Severity drives the action:

  • critical — fail the run immediately. The current stage is marked failed, the run enters FailedHolding, and a StageFailed notification fires.
  • warning — record the breach for the report. The stage continues.

Every evaluation (pass or fail) is persisted as a threshold_evaluations row so the report can render per-sample verdict badges. See configuration.md § thresholds for the config-level reference.

Host-mode agent

The vetting-agent host binary runs as a systemd service on installed hosts. It heartbeats to POST /api/v1/hosts/{mac}/heartbeat every 30 s so the dashboard shows online/offline status.

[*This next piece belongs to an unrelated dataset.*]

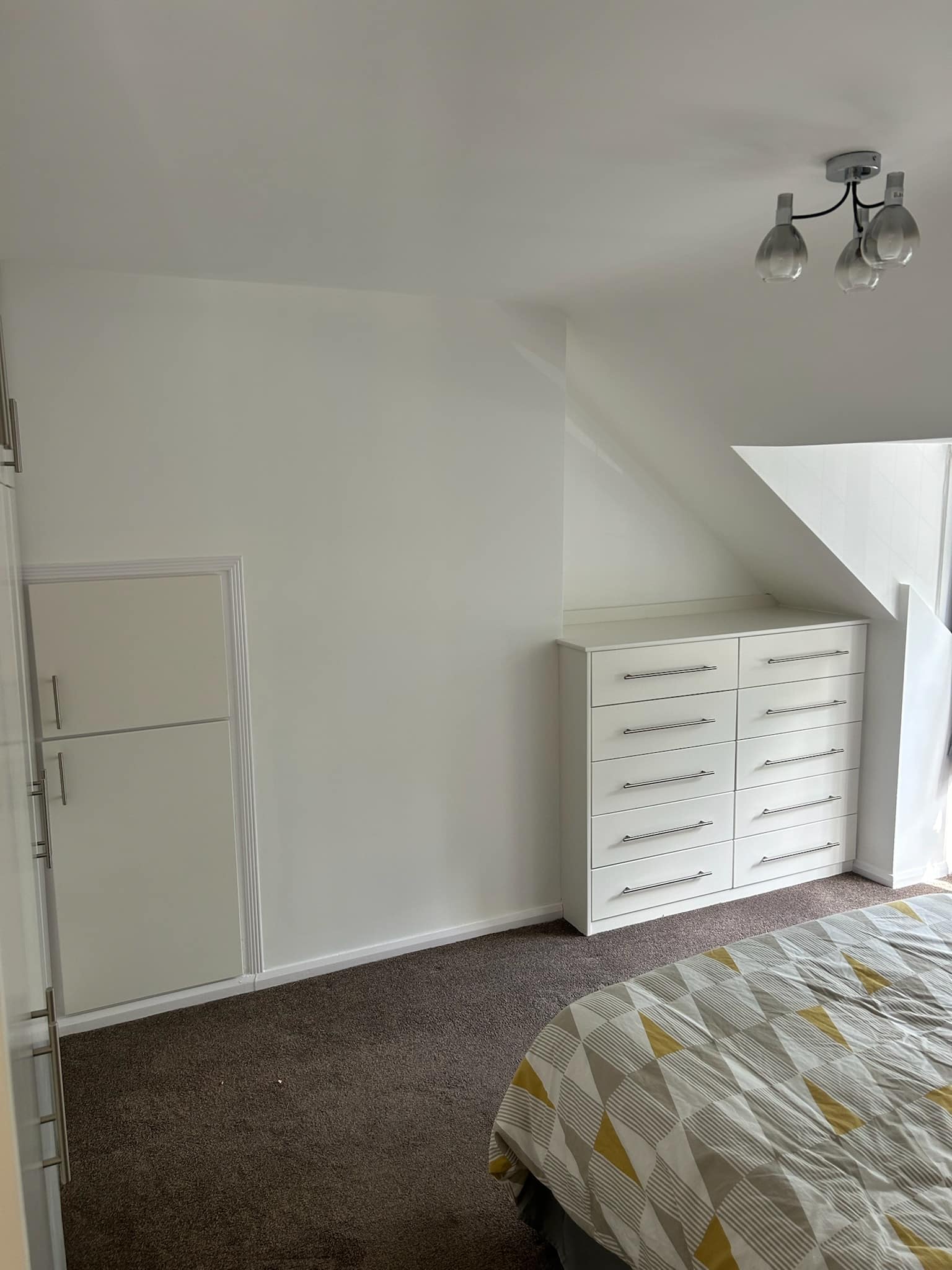 Bespoke cream coloured storage shelf installed by Nick Turner Joinery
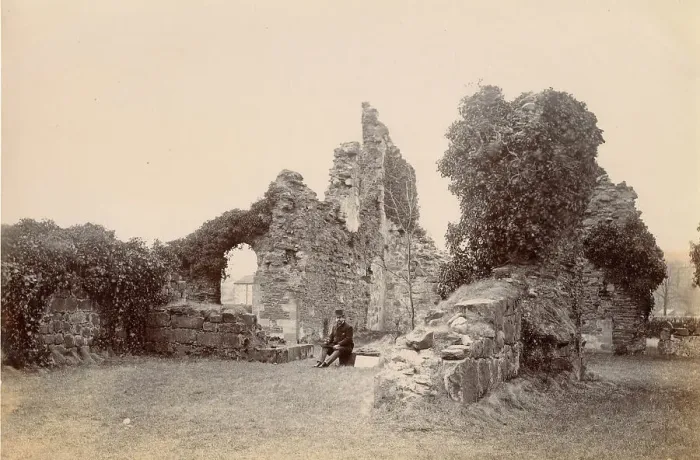 Framed Print : Ruined medieval building, North Wales, with smartly dressed seated man Date: circa 1889 Framed Print : Ruined medieval building, North Wales, with smartly dressed seated man Date: circa 1889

The quick-register one-liner (GET /register/quick.sh) downloads the agent binary from /assets/vetting-agent-linux-amd64, installs it as a systemd service, and auto-POSTs to POST /api/v1/hosts to register the host — no manual MAC entry needed.

When the operator clicks Start Vetting, the orchestrator's dispatcher sets cmd=reboot_for_vetting on the next heartbeat response. The host-mode agent reboots the host, which PXE-boots into the live image and enters the normal vetting flow.

Host API

These endpoints are LAN-trusted (no bearer token) and share the same threat model as the browser UI:

POST /api/v1/hosts                  → JSON host registration (quick-register)
POST /api/v1/hosts/{mac}/heartbeat  → host-mode liveness + command channel

Reproducible builds

The orchestrator and agent are pure Go; make orchestrator-linux cross-compiles to linux-amd64 from Windows or macOS.

The live image requires Linux-side tooling (mkosi, debootstrap, squashfs-tools) so make live-image fails loudly on Windows and redirects to wsl make live-image. Pinning to snapshot.debian.org in live-image/mkosi.conf keeps image bits stable across time for a given git SHA.